43.8 million citizens in the U.S have a mental illness in a year. That’s 18.5% and to go along with that 21.4% of teens have or will have severe mental illness. That’s a large group of people yet, the numbers keep rising. In an article titled "Anatomy of an Epidemic: Psychiatric Drugs and the Astonishing Rise of Mental Illness in America” author Robert Whitaker claims, “The percentage of Americans disabled by mental illness has increased five-fold since 1955.” This means that people living with a mental illness has gone up five times the amount in 1955. This matters since we have better medical equipment and research then we did in the 50's so, why haven’t we been able to decrease the number of people with mental health issues?
There are many ways someone can have a mental illness and this may be the reason why the numbers keep going up. The Kim Foundation website’s article on causes tells us a few of the causes of mental health issues. Those include trauma, genetics, and certain stressors like a death in the family. Now, some of those like genetics we can’t do much to prevent, but we can help with the aftermath.
Two other reasons for the increase in people suffering from mental illness is the stigma associated with it and the discrimination in treatment. There is a stigma surrounding mental health that according to Patrick Corrigan’s article “How Stigma Interferes With Mental Health Care Treatment” states, “Many people who would benefit from mental health services opt not to pursue them or fail to fully participate once they have begun. One of the reasons for this disconnect is stigma; namely, to avoid the label of mental illness and the harm it brings, people decide not to seek or fully participate in care.” This means some people in need of treatment don’t get it since they don’t want to be labeled or treated differently. This also means that we have a large number of people not getting the help they need and the treatment they deserve because, they’re too scared to get it. Next, people are being denied treatment for being LGBTQ. To make this even worse the National Alliance on Mental Health (NAMI) has stated that they are two times more likely to have a mental health condition than straight adults. Also, 11% of transgender people have been denied care due to discrimination. Plus, LGTBQ youth are two to three times more likely to attempt suicide.

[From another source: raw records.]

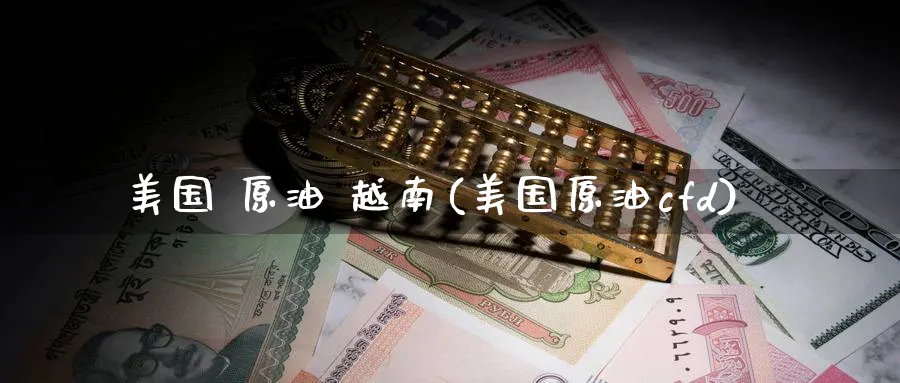 美国 原油 越南(美国原油cfd)_https://qh.ynbygsw.com_财金知识_第1张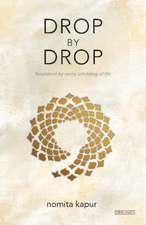 Drop by Drop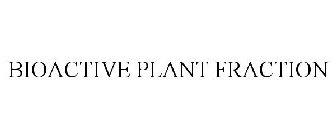 BIOACTIVE PLANT FRACTION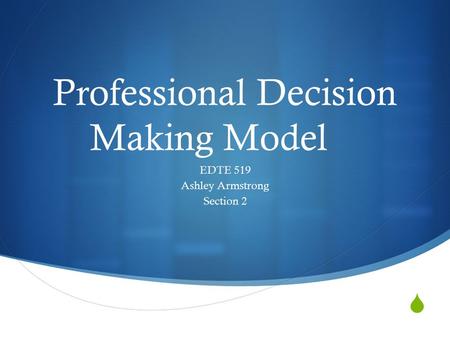  Professional Decision Making Model EDTE 519 Ashley Armstrong Section 2.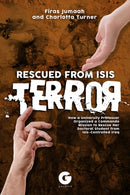 Rescued from ISIS Terror : How a University Professor Organized a Commando Mission to Rescue Her Doctoral Student from ISIS-Controlled Iraq-9781592110612
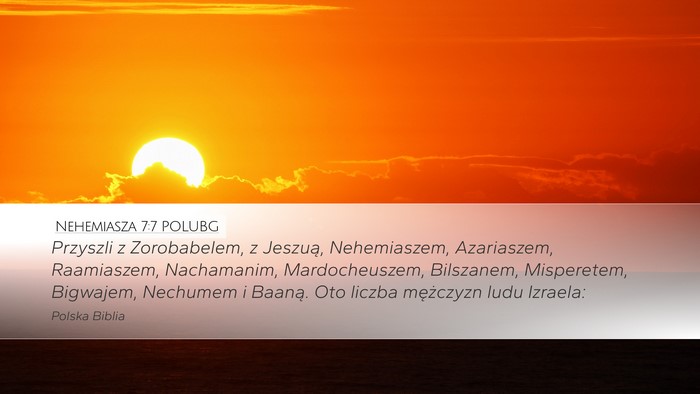 Nehemiasza 7:7 POLUBG Bible Verse Image
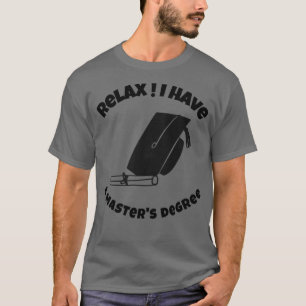 Camiseta Relaxe, tenho mestrado grau mestrados engraçados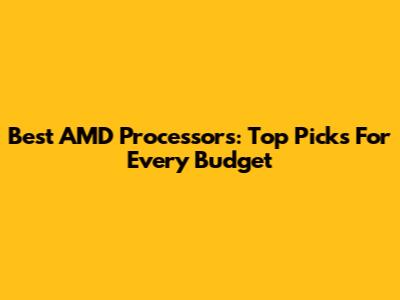 Best AMD Processors: Top Picks For Every Budget
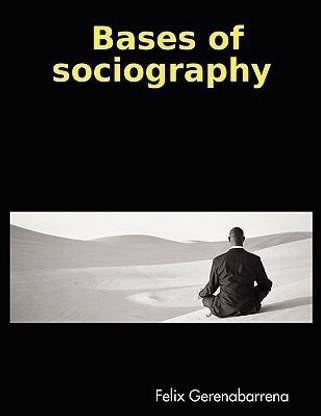 Bases of Sociography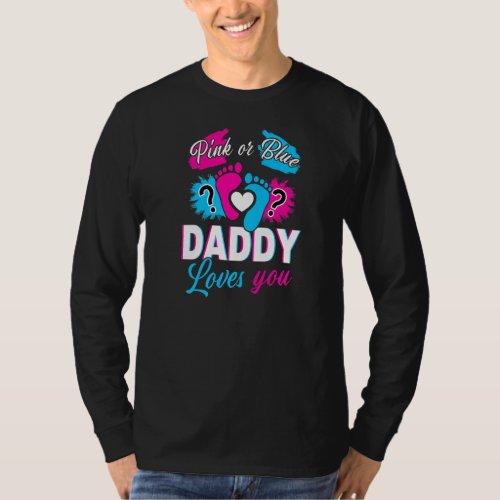Mens Pink Or Blue Daddy Loves You Gender Reveal Ba T_Shirt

This affects all of us in someway or another. Disorders that affect people's moods are the third leading cause for people in hospitals. Also, for those with serious mental health issues they die 25 years earlier than those without. To go along with that suicide is the 10th leading cause of death and the second for those between the ages of 15 and 24. 90% of those kids that committed suicide have a mental illness or condition. Complementing this America loses $193.2 billion dollars from mental health conditions. NAMI states all of this on their website. As I said in the beginning of this paragraph. Mental health issues affect us all in one way or another.

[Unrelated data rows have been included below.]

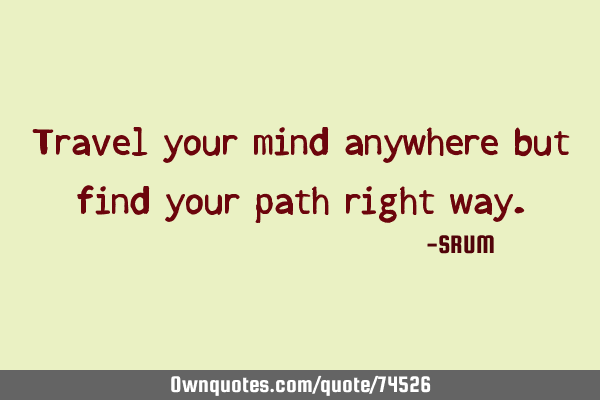 Travel your mind anywhere but find your path right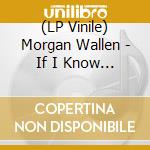 (LP Vinile) Morgan Wallen - If I Know Me lp vinile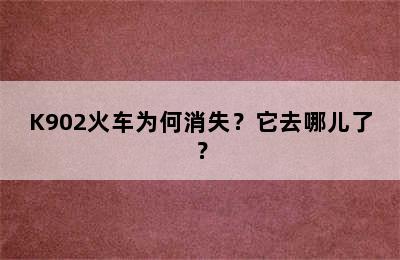 K902火车为何消失？它去哪儿了？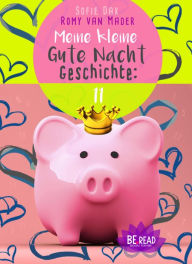 Title: Meine kleine Gute Nacht Geschichte: 11: (Für Erwachsene), Author: Romy van Mader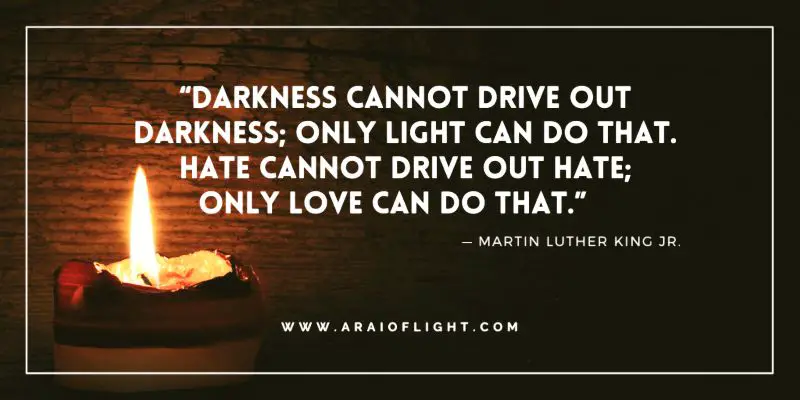 Darkness and Light Quote for Lights within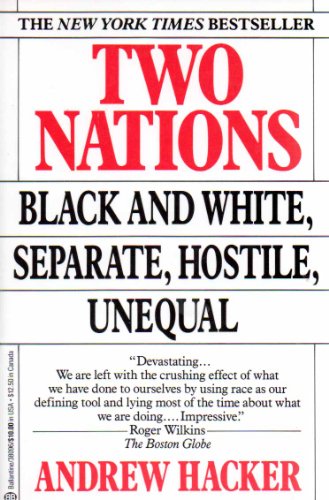 Beispielbild fr Two Nations : Black and White, Separate, Hostile, Unequal zum Verkauf von BookHolders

What can we do to help stop this crisis? Starting with the fact that all insurance plans must cover the following according to HealthCare.gov, “Behavioral health treatment, such as psychotherapy and counseling,” and,”Mental and behavioral health inpatient services.” This means anyone with health care can get treatment. This matters since this guarantees you help if they can afford insurance. That’s where the tricky part comes in. There is no one size fits all treatment. “Even people with the same diagnosis will have different experiences, needs, goals and objectives for treatment,” states NAMI. This means even if two people have depression, medicine might work for one of them but the other person might need to see support groups. This is important since it means we need to have a wide net of services available for everyone. If we educate people on what their insurance covers and have a wide net of treatment options then we should be able to decrease those suffering from mental health issues.
We need to prioritize helping people with mental illness for everyone is affected in some way. America needs to step up it’s game on educating young people about this crisis so that they can also keep fighting it until it has been resolved. We must eliminate discrimination against LGBTQ members so that they may get the help they deserve. If America can overcome this turning point we will come out stronger than ever before.